| Aim of the task |
Where a record contains an image, leave the image out and print the rest exactly.

| Input data |
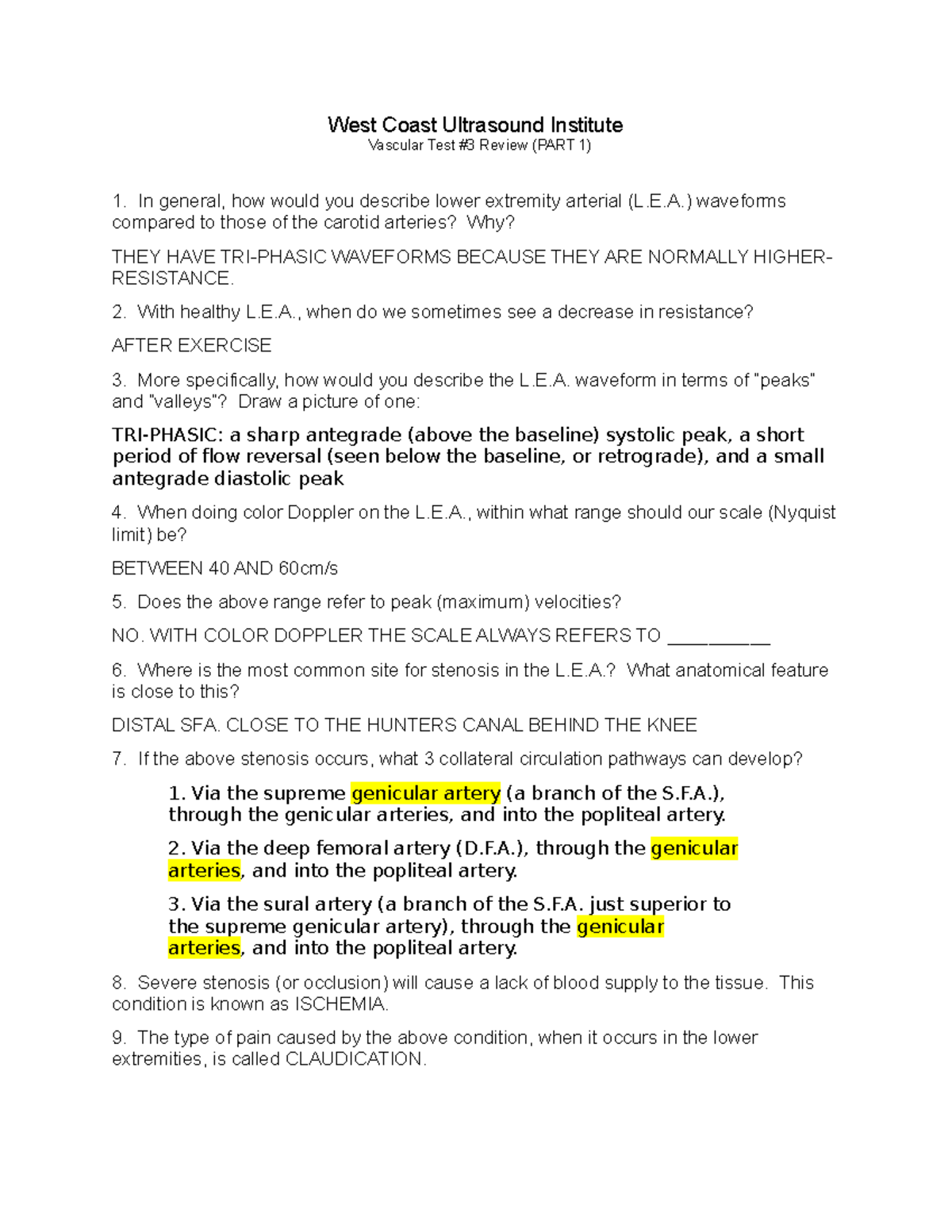 Lecture 5 Assignment notes West Coast Ultrasound Institute Vascular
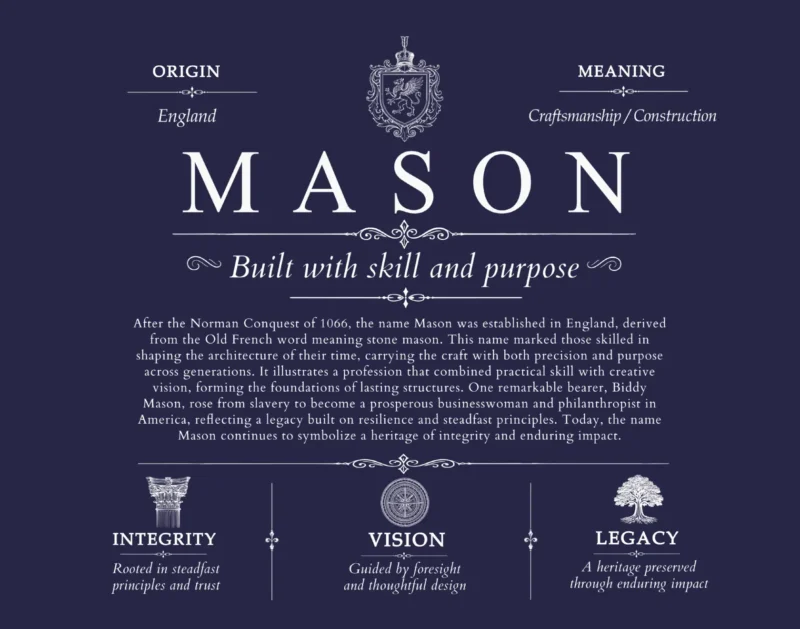 Mason surname history and heritage in Navy Blue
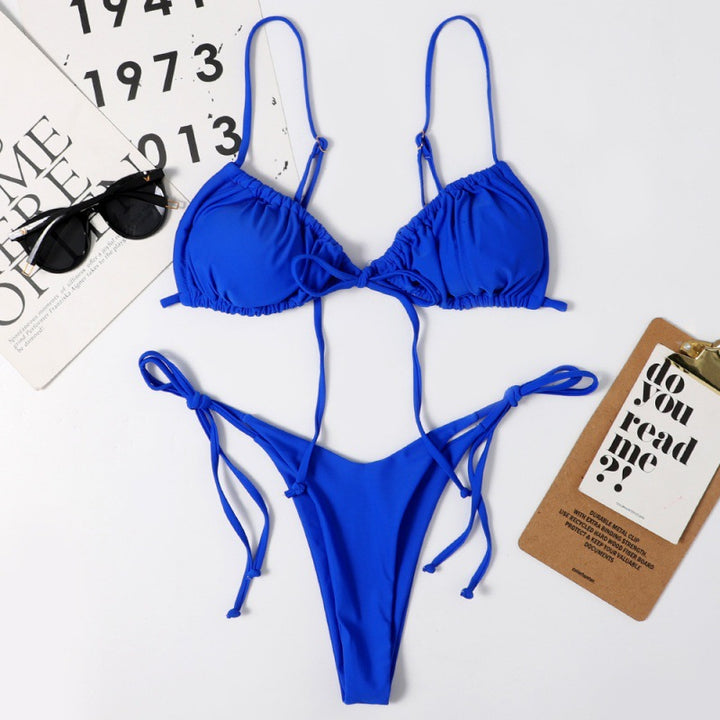 Women's Deep V-neck Triangle Bikini with Playful Ties Mune Fashion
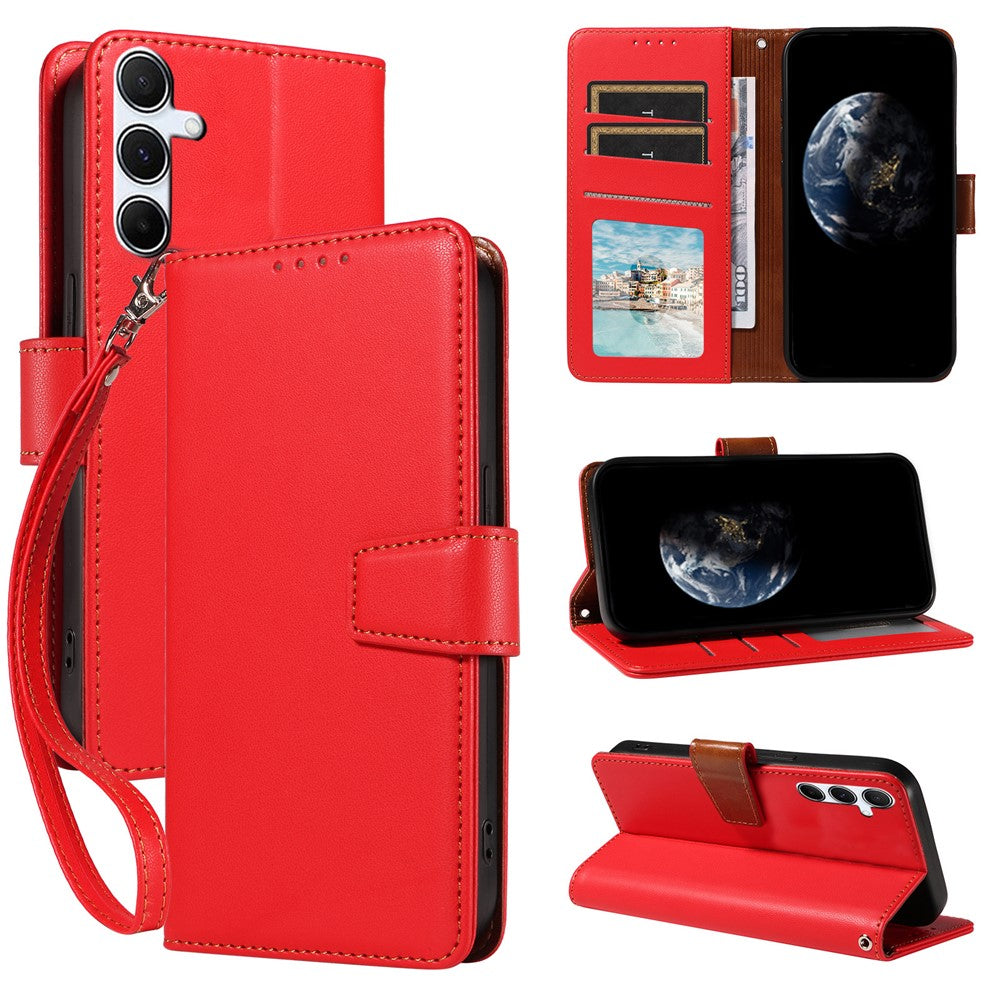 For Samsung Galaxy A25 5G (Global) (161.0 x 76.5 x 8.3mm) Case RFID Blocking PU Leather Wallet Flip Phone Cover with Wrist Strap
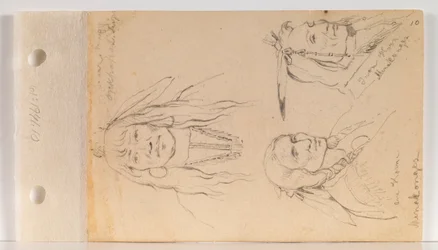 Mato Chuthuhu (クマの肋骨)、Ha won je tah (One Horn/Lone Horn)、および Heh Mah Zah (Iron Horn) (リーフ 10 recto) の肖像画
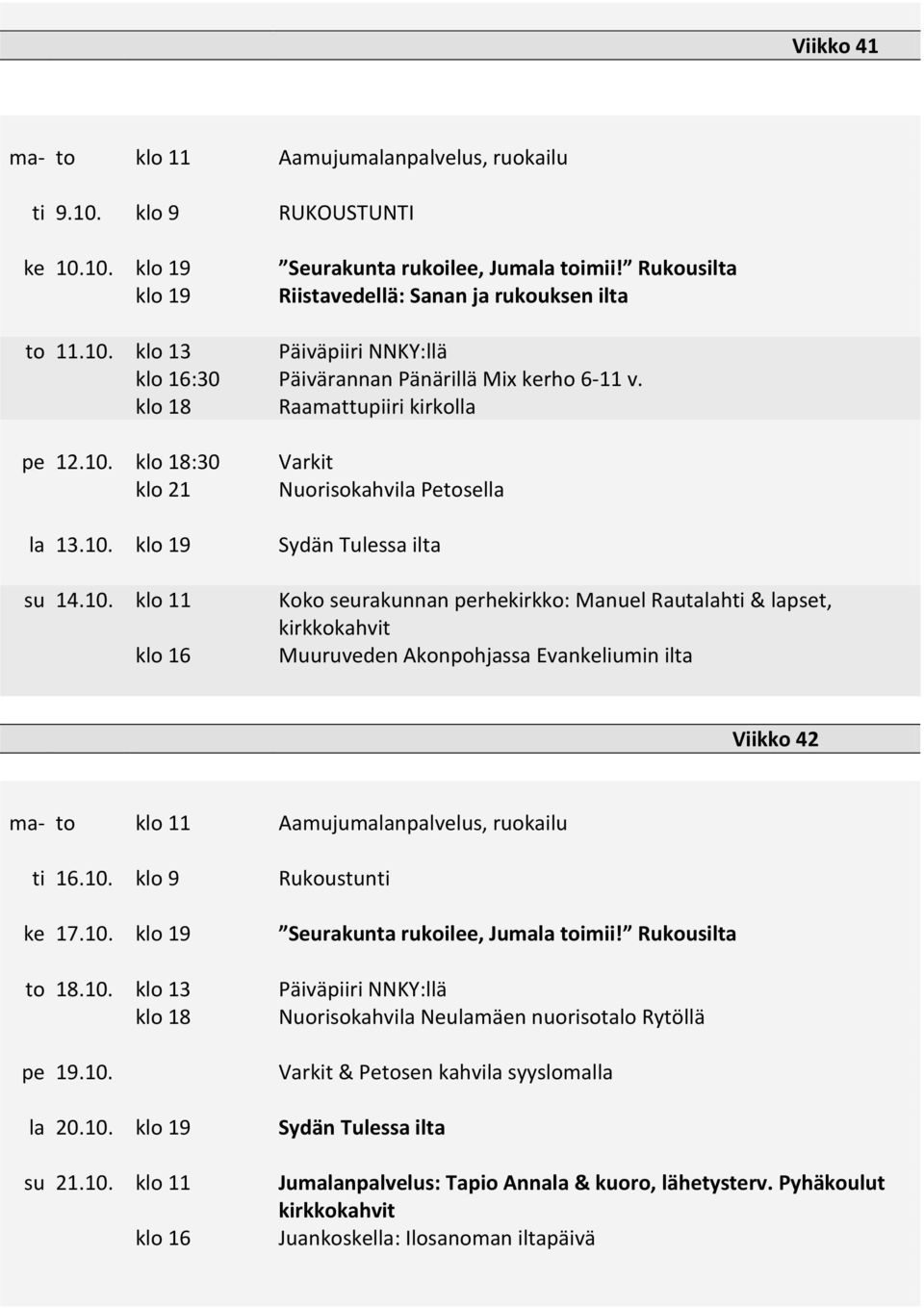 klo 18:30 Varkit klo 21 Nuorisokahvila Petosella la 13.10.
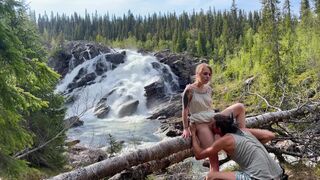 We came to watch the waterfall but stayed for this - RosySky 4k 60fps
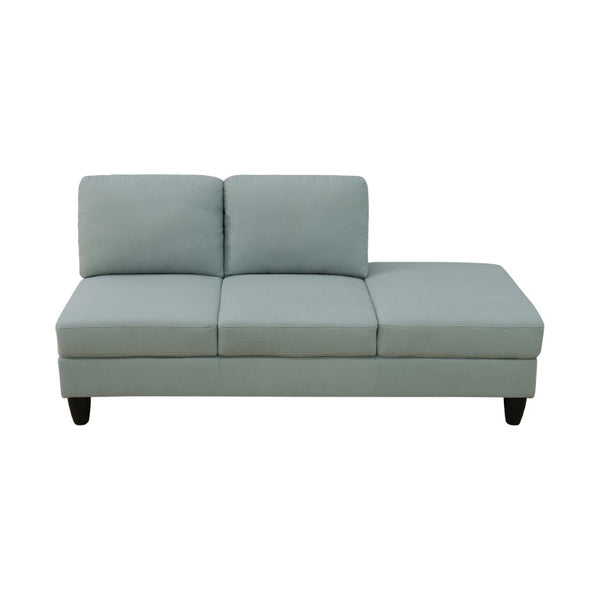 English Elm 101.5 Inch Calico Fabric L-Shaped Sectional with Ottoman and Tapered Wood Legs Pale Green Left Chaise B082S00167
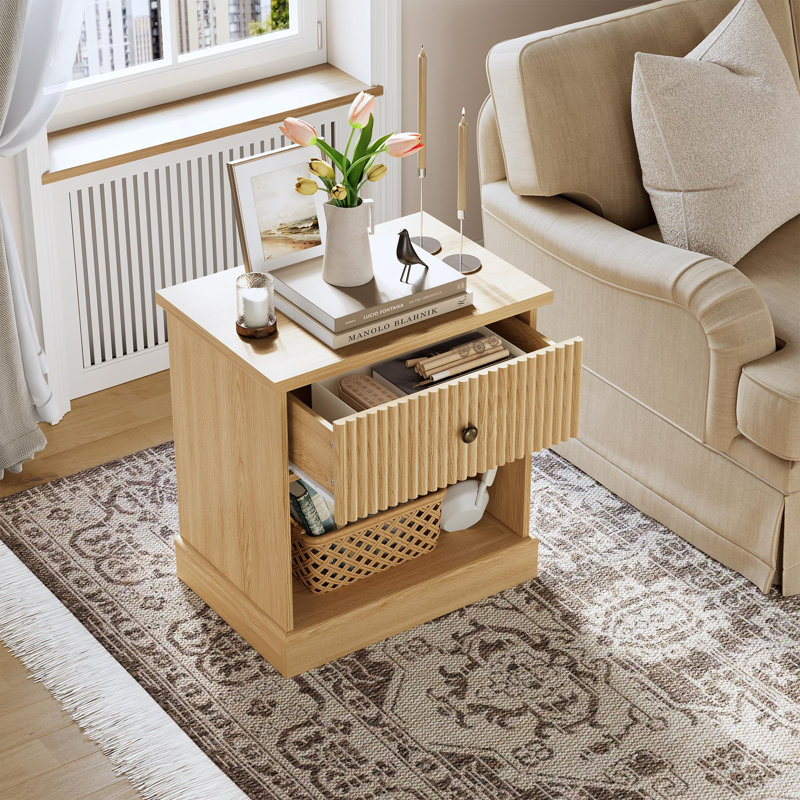 57.7 W Bedside Table, White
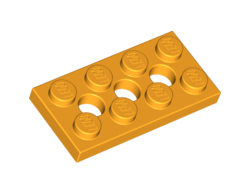 Technic, Plate 2 x 4 with 3 Holes, Bright Light Orange (3709b / 6132408)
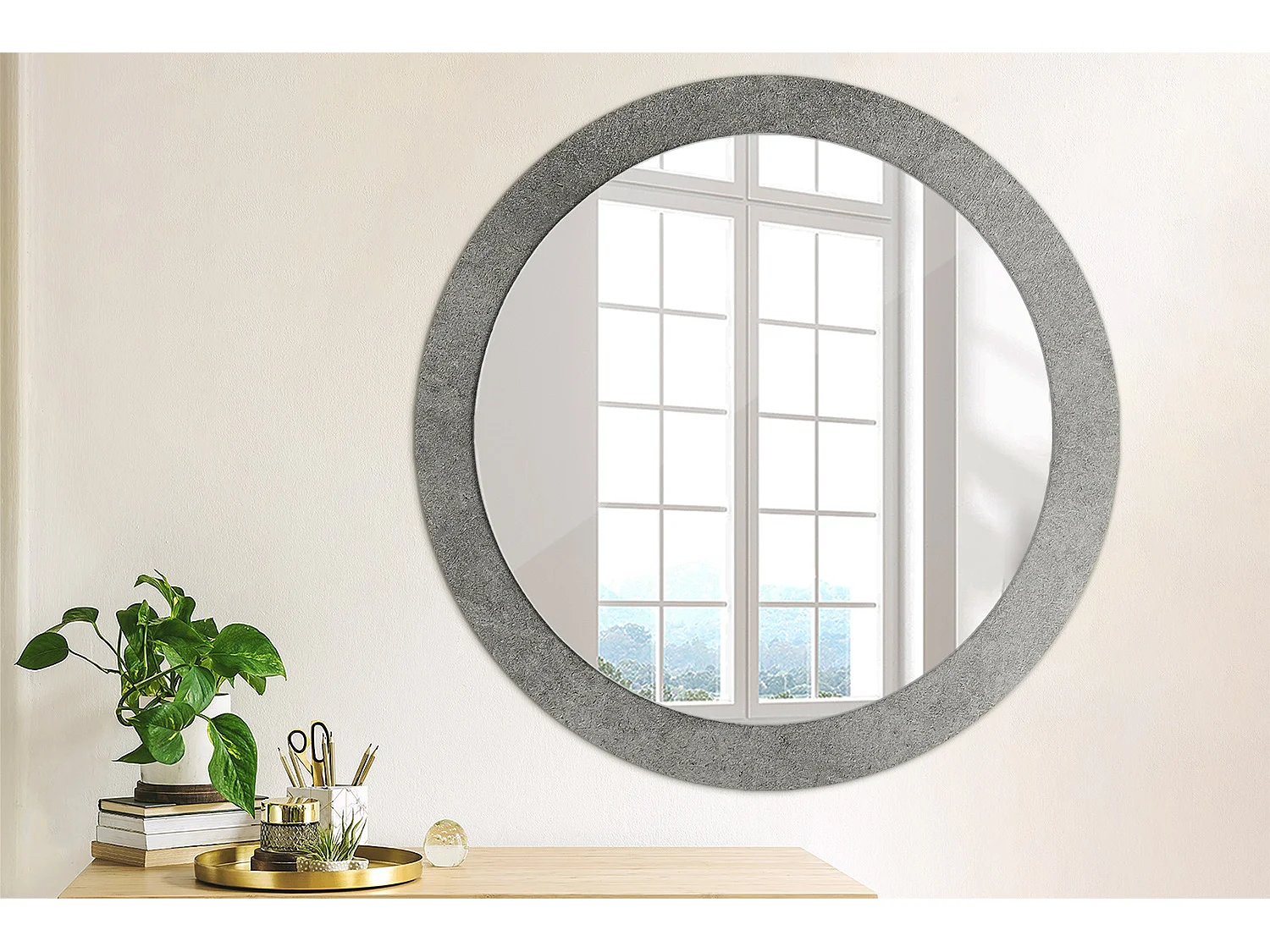 Runder dekorativer Spiegel - Betonstruktur - 80 cm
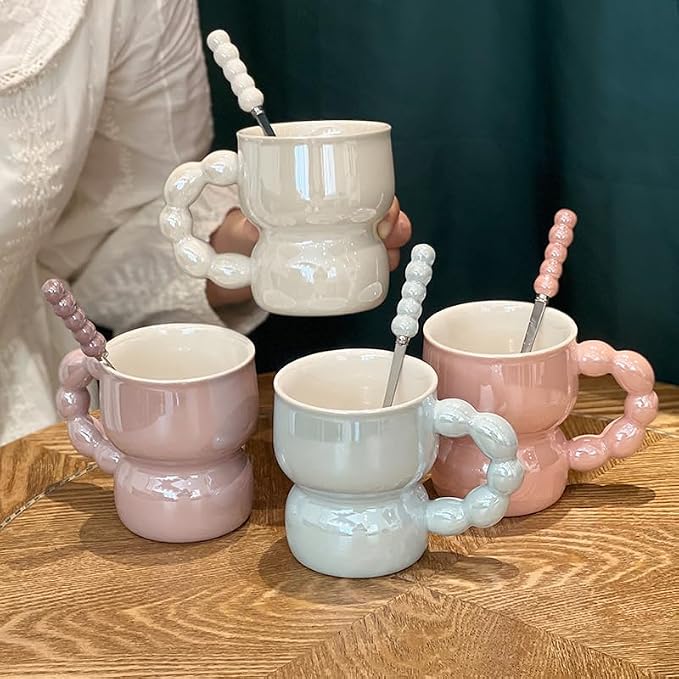 Pearl Ceramic Coffee Mug for Tea Latte Milk Cute Love Shape Cup for Home Office Women Gift 6.5 oz (Pearl Blue 2, 300 ml)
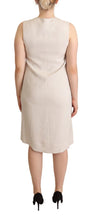 Load image into Gallery viewer, Peserico Beige Sleeveless Round Neck Knee Length Shift Dress
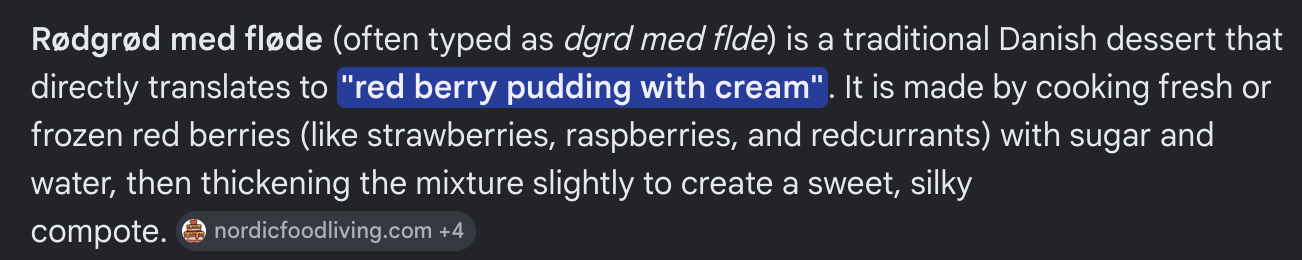 Google showing Rodgrod med flode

| Your solution |
 Lecture 5 Assignment notes West Coast Ultrasound Institute Vascular
 Mason surname history and heritage in Navy Blue
 Women's Deep V-neck Triangle Bikini with Playful Ties Mune Fashion
 For Samsung Galaxy A25 5G (Global) (161.0 x 76.5 x 8.3mm) Case RFID Blocking PU Leather Wallet Flip Phone Cover with Wrist Strap
 Mato Chuthuhu (クマの肋骨)、Ha won je tah (One Horn/Lone Horn)、および Heh Mah Zah (Iron Horn) (リーフ 10 recto) の肖像画
 klo 18:30 Varkit klo 21 Nuorisokahvila Petosella la 13.10.
 We came to watch the waterfall but stayed for this - RosySky 4k 60fps
 English Elm 101.5 Inch Calico Fabric L-Shaped Sectional with Ottoman and Tapered Wood Legs Pale Green Left Chaise B082S00167
 57.7 W Bedside Table, White
 Technic, Plate 2 x 4 with 3 Holes, Bright Light Orange (3709b / 6132408)
 Runder dekorativer Spiegel - Betonstruktur - 80 cm
 Pearl Ceramic Coffee Mug for Tea Latte Milk Cute Love Shape Cup for Home Office Women Gift 6.5 oz (Pearl Blue 2, 300 ml)
 Load image into Gallery viewer, Peserico Beige Sleeveless Round Neck Knee Length Shift Dress
 Google showing Rodgrod med flode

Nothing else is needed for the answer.